「いのち」を考える

 いのちの電話協会の催しに家内とともに参加した。河瀬直美監督の『垂乳女(たらちめ)』という映画をみてそのあと彼女の講演があった。映画は彼女自身の生活のなかで育ててもらったおばあちゃんと自分、そして自らの出産体験を赤裸々に描き子供との「いのち」のつながりを表現していた。講演では、「90歳を過ぎたおばあちゃんが痴呆症になっている。子育てをしながら映画作りと取り組んでいるが、生きるとはこういうことか、家族のありがたさなどを感じる。そして生活と祈りが一体となっている奈良が好きだからこれからも奈良で映画を作っていきたい。」といろんな体験を交えながら話された。

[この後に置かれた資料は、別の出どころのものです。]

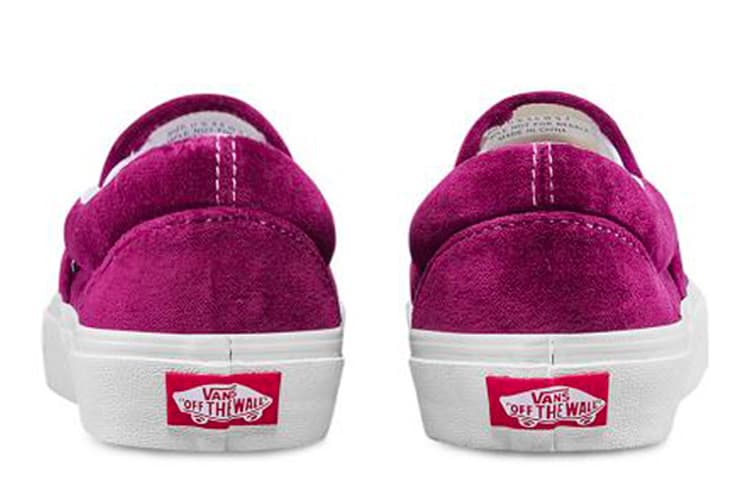 Кроссовки Vans slip-on TC - изображение 4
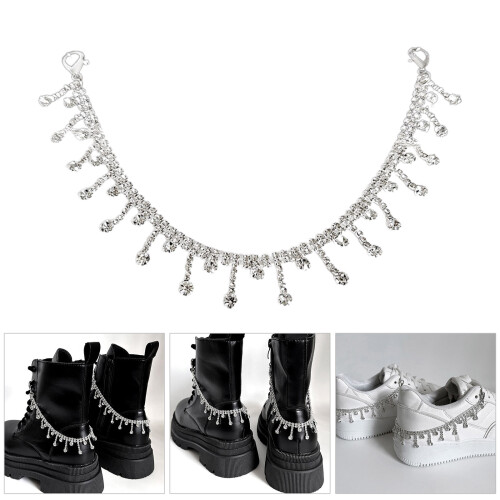 Wunderschöne Schuh-Charm-Ketten, elegante-ein Paar 1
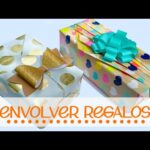 Cómo envolver ropa de forma creativa para regalo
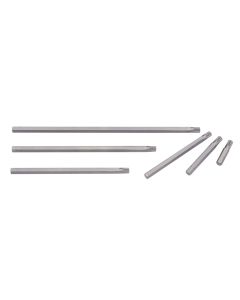 Genius Tools 18mm Hex Shank M18 Bit - 125mm Length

 いのちの電話協会は悩みを持っている人や死にたいと思っている人などと24時間電話を通して相談にのっておられる。実に尊い仕事、切羽詰まった人との真剣勝負のボランティアである。頭が下がる。誕生、苦楽を経験しながら続く人生、そしてやがて死を迎える。生きるとはどういうことなんだろう。何のために生まれてきたのだろう。「いのち」について考えさせられたいい催しでした。家内が帰りに一言「もっと若いひとに聞かせてやりたかったね。」